De verdachte reed op een klaarlichte weekenddag met zeer hoge snelheid in een druk bewoond gebied binnen de bebouwde kom op een weg met veel verkeersdeelnemers en meerdere voetgangersoversteekplaatsen. Ook beschikte de verdachte niet over een geldig rijbewijs. Deze gedragingen, in onderlinge samenhang bezien, brengen naar het oordeel van de rechtbank een aanmerkelijke kans met zich op het overlijden van medeweggebruikers, in het bijzonder van zwakkere weggebruikers zoals voetgangers.
De vraag die vervolgens rijst, is of de verdachte deze aanmerkelijke kans bewust heeft aanvaard. In dit kader zij opgemerkt dat de verdachte zelf heeft verklaard dat hij het overstekende slachtoffer voorafgaand aan het ongeval niet heeft opgemerkt. Ook uit andere bewijsmiddelen blijkt niet dat de gedragingen van de verdachte zozeer waren gericht op het veroorzaken van een dodelijk verkeersongeval dat gezegd kan worden dat hij de aanmerkelijke kans op dit gevolg bewust heeft aanvaard. Het enkele feit dat de verdachte veel te hard en zonder geldig rijbewijs heeft gereden, is onvoldoende om die conclusie te rechtvaardigen. De verdachte wordt daarom vrijgesproken van het onder 1 primair ten laste gelegde.
5.3.4.
Schuld aan verkeersongeval (feit 1 subsidiair)

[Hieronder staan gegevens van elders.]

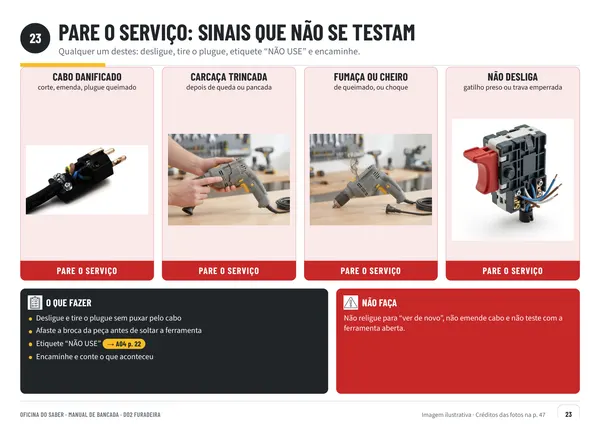 Página 23: sinais em que é preciso parar o serviço na furadeira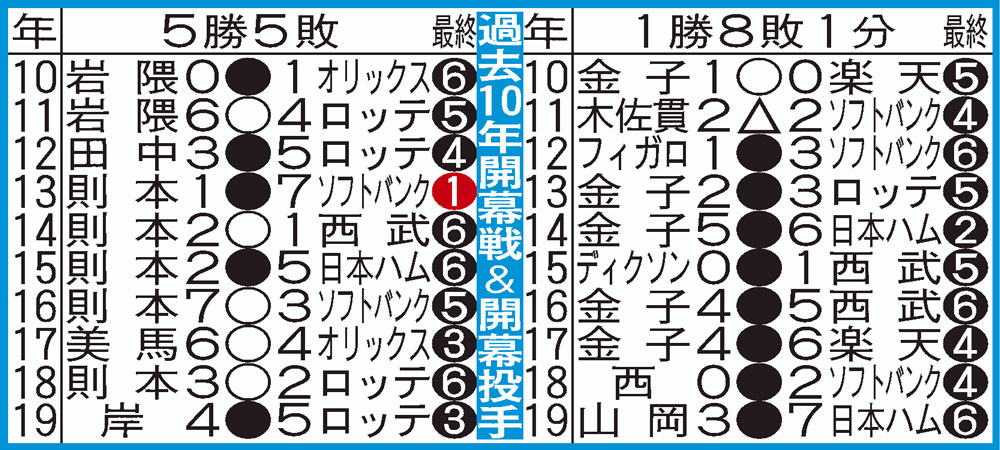 楽天（左）とオリックス（右）の開幕戦過去10年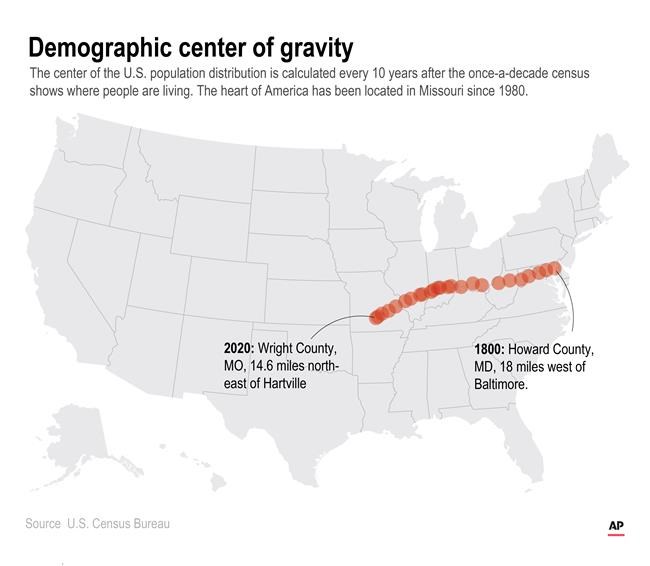 Marker in tiny Missouri hamlet denotes US population center | iNFOnews.ca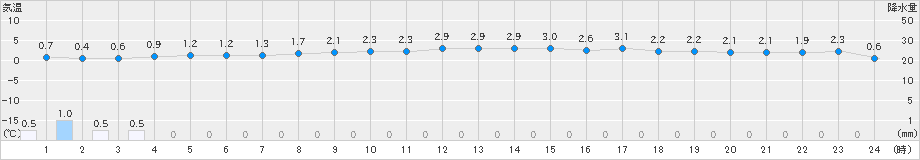 鳥取(>2022年12月20日)のアメダスグラフ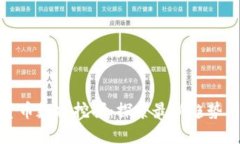数字货币数据挖掘：探索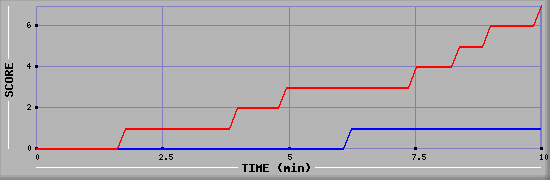 Team Scoring Diagramm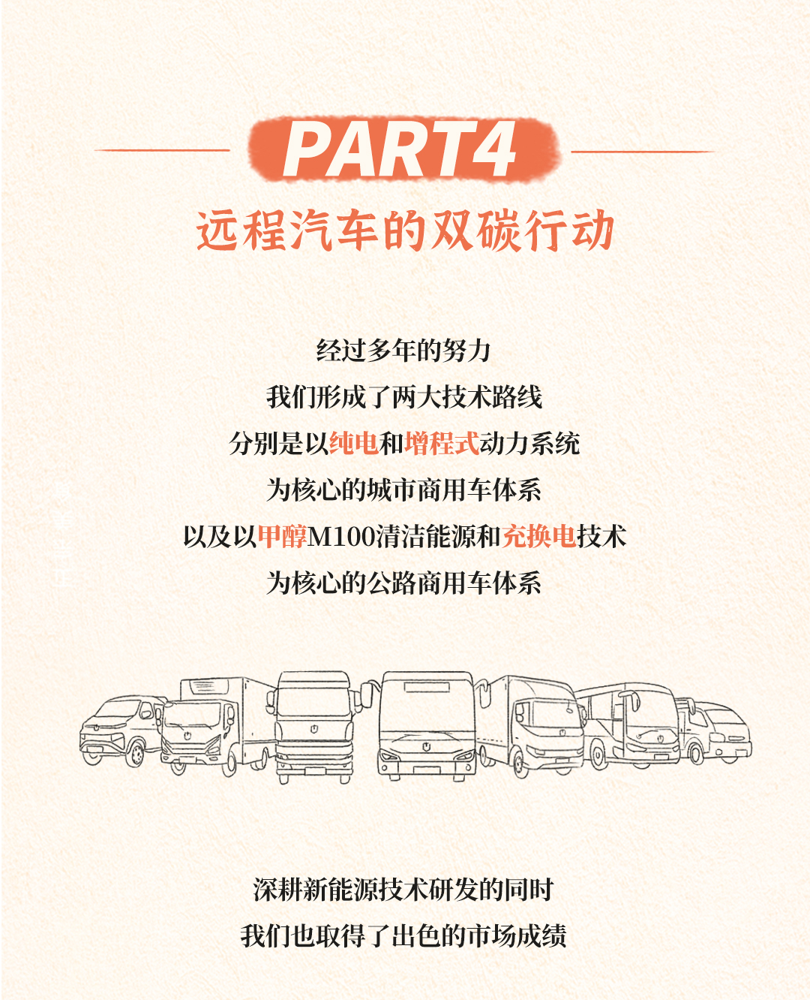 你知道吗,减少碳排放也能赚钱了7.png 你知道吗,减少碳排放也能赚钱了7.png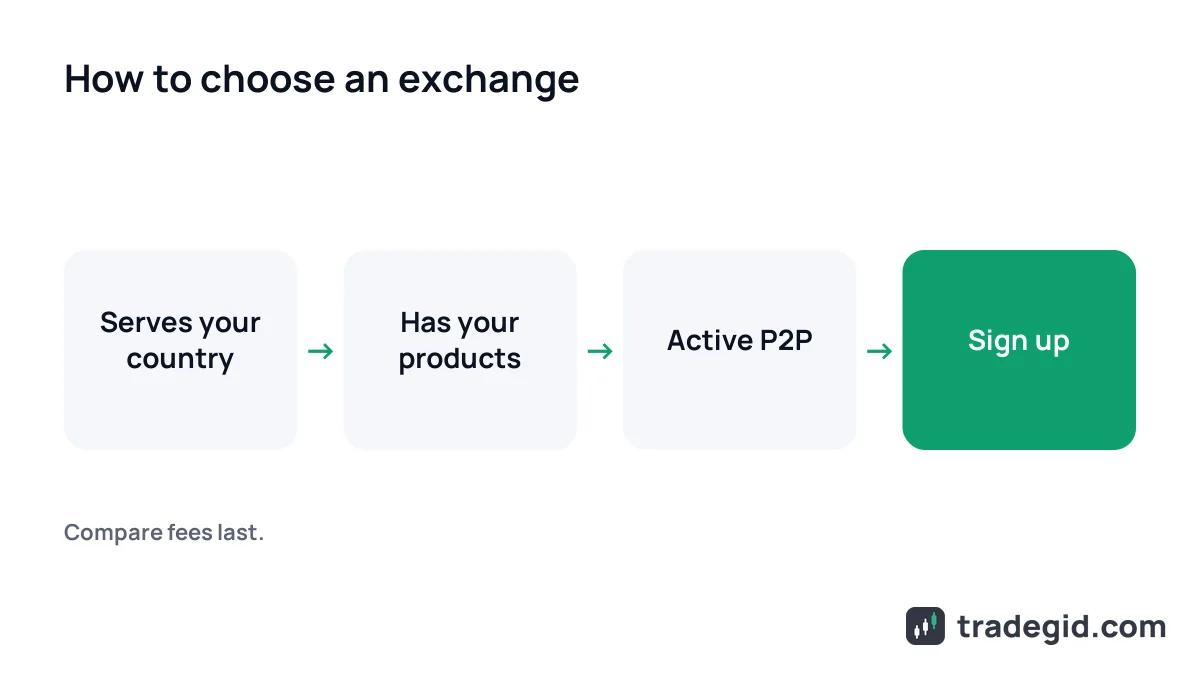 How to choose a crypto exchange: country availability, products, P2P in your currency, then sign-up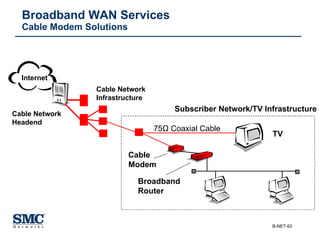 Broadband WAN Services  Cable Modem Solutions Internet Cable Network Headend Subscriber Network/TV Infrastructure TV Cable  Modem Broadband Router Cable Network Infrastructure 75Ω Coaxial Cable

Artikel 6 van de Wegenverkeerswet 1994 (hierna: WVW) verbiedt personen die aan het verkeer deelnemen zich zodanig te gedragen dat een aan hun schuld te wijten verkeersongeval plaatsvindt waardoor een ander wordt gedood of waardoor een ander zwaar lichamelijk letsel wordt toegebracht of zodanig lichamelijk letsel dat daaruit tijdelijke ziekte of verhindering in de uitoefening van de normale bezigheden ontstaat. Voor een bewezenverklaring is vereist dat het verkeersongeval aan de schuld van de verdachte is te wijten, waarbij de schuld zich in verschillende gradaties kan voordoen. ‘Roekeloosheid’ is de hoogste of zwaarste schuldgradatie. Bij de beoordeling of sprake is van schuld in de zin van artikel 6 WVW wordt gekeken naar het geheel van gedragingen van de verdachte, de aard en ernst daarvan en de overige omstandigheden van het geval. Er dient een causaal verband te bestaan tussen de gedragingen van de verdachte en het ongeval en tussen het ongeval en de dood dan wel het letsel van het slachtoffer.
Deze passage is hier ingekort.